Josh’s Prediction: For me, this series, as short as it is, will be decided in the first four or five innings of each game. Both teams have a few names in their pen that they can rely on to come in and shut it down. With that being said, the Sox offensive performance the last two games of the season made me feel a bit better moving forward, and I feel really good with Lucas Giolito and Dallas Keuchel on the mound for the first two games of the series. I’ll say that these two teams exchange punches in the first two, but ultimately the South Siders prevail in a close, high-scoring third game of the series to move on. Sox in three. Book it.
Jonnie’s Prediction: The White Sox are not ‘locked in’. They are not ‘ready’. It’s not ‘a new season’. Momentum matters in baseball. If you don’t believe that, then how did you feel when it was on the White Sox side throughout August into early September? The last ten games of the regular season proved that momentum is as far away from the White Sox as humanly possible, as the South Siders slid from the cream of the crop in the AL all the way down to the seventh seed.
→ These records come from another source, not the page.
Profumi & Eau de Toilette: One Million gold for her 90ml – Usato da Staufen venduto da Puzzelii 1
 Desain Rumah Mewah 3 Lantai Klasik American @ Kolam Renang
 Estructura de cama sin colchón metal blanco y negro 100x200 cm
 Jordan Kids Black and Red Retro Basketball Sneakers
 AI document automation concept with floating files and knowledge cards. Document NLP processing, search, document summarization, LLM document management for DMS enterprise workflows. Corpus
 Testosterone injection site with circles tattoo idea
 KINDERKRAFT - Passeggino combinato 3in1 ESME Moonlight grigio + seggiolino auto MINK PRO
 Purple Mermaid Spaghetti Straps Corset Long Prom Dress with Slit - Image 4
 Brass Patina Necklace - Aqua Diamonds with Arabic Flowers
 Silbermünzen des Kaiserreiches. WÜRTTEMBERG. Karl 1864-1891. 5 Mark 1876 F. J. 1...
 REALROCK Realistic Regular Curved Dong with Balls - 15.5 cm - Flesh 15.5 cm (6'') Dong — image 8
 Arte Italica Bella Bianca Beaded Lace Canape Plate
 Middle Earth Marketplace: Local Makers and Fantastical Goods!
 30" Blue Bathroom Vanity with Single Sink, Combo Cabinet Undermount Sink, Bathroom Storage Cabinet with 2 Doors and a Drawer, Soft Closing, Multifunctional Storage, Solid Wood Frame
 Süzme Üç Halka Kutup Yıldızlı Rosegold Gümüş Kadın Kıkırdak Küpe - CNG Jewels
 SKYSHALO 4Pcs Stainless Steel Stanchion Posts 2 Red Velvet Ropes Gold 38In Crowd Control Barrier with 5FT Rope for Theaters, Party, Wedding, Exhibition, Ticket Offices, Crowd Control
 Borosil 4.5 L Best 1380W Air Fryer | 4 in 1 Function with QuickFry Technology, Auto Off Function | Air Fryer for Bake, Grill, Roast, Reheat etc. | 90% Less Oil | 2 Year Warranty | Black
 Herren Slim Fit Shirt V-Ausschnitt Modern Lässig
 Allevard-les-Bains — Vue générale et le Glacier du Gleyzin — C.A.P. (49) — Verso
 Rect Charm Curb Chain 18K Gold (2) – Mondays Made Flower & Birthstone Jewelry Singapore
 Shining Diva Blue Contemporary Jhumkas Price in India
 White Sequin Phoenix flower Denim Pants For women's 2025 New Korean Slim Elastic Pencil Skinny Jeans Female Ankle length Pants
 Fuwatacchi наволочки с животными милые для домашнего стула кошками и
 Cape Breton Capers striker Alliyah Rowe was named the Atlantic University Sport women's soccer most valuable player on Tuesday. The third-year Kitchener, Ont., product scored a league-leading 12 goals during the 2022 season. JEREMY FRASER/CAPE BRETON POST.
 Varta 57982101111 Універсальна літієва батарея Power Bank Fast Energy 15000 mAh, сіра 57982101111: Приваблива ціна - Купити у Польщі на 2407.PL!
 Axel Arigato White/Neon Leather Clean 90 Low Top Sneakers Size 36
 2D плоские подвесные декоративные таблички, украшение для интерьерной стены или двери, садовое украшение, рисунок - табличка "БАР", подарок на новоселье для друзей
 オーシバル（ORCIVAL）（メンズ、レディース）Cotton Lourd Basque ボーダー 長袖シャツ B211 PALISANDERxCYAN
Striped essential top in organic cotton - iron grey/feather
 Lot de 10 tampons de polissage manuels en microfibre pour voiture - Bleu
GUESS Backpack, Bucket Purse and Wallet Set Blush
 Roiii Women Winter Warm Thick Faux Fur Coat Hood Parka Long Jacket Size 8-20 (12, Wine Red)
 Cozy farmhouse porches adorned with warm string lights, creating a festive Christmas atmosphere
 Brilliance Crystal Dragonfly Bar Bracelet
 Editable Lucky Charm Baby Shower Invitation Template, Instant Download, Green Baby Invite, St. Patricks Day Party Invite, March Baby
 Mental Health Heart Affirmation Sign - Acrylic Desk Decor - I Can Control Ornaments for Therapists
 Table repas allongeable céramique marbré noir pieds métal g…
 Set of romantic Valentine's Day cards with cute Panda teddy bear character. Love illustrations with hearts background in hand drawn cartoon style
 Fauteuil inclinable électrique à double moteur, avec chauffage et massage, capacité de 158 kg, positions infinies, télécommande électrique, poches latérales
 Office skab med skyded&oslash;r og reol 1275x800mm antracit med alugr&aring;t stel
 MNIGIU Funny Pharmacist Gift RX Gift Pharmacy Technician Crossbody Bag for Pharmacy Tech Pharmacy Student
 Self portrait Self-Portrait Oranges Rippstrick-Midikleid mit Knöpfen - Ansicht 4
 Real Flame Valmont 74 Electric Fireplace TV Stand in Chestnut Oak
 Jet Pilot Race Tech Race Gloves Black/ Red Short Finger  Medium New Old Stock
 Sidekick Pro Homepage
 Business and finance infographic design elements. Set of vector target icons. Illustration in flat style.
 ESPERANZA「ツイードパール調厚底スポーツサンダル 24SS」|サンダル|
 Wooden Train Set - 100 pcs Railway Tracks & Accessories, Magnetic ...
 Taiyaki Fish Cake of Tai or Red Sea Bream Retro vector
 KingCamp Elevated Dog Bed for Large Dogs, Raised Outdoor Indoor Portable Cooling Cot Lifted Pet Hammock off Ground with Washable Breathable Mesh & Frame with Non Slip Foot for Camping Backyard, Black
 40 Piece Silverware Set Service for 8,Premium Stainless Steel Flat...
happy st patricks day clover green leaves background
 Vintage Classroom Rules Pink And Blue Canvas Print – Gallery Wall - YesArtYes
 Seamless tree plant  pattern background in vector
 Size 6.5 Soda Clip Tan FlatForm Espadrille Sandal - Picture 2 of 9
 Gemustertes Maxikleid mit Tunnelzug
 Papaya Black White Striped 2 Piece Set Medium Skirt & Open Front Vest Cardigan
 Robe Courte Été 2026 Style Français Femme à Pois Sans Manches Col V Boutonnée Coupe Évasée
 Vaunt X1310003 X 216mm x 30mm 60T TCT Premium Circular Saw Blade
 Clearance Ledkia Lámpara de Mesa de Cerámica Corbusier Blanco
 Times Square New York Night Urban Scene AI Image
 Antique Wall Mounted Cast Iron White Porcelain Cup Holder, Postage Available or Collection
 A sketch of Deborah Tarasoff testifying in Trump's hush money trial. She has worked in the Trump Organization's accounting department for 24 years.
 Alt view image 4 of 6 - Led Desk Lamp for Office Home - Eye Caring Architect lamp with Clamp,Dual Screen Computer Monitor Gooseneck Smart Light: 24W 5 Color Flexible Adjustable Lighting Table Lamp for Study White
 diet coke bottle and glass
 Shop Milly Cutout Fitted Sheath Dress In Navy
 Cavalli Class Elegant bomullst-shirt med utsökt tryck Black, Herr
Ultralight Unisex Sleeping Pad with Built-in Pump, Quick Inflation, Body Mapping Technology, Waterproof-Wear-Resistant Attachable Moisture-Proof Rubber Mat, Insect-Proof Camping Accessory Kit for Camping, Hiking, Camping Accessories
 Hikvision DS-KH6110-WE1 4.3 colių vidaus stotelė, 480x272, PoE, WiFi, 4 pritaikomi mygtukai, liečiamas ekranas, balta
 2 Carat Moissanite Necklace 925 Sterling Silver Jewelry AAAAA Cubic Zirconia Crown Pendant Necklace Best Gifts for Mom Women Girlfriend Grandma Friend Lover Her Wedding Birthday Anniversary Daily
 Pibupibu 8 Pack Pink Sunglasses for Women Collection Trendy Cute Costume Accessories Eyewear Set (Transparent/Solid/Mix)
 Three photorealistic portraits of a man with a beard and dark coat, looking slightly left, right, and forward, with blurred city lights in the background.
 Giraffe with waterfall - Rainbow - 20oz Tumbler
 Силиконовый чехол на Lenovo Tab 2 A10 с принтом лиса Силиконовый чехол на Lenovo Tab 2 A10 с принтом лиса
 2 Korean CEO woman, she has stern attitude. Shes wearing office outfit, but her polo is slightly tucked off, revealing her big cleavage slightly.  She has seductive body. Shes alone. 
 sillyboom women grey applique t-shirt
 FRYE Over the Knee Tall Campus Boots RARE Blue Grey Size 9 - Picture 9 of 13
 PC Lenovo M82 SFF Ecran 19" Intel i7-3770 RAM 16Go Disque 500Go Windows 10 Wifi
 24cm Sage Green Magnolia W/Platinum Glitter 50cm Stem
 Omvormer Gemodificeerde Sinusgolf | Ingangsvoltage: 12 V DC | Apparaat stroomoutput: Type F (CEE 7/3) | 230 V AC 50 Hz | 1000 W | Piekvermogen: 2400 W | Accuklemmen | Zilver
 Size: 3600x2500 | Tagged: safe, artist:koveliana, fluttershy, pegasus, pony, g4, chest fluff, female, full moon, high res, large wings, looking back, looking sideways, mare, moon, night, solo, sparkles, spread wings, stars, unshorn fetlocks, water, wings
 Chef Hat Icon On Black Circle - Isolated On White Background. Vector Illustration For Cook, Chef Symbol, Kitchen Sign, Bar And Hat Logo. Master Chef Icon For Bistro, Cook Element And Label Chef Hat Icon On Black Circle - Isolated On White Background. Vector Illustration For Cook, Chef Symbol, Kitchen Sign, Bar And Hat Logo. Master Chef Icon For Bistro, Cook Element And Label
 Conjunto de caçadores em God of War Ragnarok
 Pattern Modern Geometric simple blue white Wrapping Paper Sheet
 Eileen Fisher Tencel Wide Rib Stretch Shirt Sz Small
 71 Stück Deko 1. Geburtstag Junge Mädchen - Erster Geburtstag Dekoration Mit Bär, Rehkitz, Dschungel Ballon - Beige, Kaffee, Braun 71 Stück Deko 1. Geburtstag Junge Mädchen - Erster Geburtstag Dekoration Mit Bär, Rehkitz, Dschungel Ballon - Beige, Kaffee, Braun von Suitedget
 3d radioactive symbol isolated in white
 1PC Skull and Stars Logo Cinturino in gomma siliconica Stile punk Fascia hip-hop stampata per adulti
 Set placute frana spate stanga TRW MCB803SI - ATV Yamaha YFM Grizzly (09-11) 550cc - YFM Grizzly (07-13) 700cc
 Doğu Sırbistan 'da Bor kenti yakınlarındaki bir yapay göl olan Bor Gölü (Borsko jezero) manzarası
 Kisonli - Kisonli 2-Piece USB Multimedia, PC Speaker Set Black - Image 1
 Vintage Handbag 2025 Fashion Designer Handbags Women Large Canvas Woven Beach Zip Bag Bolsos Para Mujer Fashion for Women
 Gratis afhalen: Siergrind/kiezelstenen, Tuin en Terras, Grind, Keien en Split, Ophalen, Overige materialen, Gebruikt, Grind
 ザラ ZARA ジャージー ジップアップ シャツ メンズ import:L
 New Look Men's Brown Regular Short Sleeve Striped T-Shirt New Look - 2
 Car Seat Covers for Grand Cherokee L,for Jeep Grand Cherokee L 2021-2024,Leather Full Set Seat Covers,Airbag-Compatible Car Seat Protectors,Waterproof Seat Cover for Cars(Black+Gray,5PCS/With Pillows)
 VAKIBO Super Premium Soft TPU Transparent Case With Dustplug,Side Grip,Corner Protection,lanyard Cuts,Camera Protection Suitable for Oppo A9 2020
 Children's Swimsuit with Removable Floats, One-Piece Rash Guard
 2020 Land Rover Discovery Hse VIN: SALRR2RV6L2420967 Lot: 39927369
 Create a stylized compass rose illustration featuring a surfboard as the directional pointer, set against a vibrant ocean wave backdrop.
Only a handful of guys have postseason experience on their roster. For as good as Lucas Giolito has been, he has also had his lapses. When he has the jitters, as he did in a big Opening Day start against the Twins, his command is putrid and a game can get out of hand early. I expect Oakland to embarrass a young and inexperienced White Sox team on the biggest stage by compiling some early runs in each game before handing it over to their effective bullpen. But hey, at least the Sox were regular-season offensive darlings. A’s in two.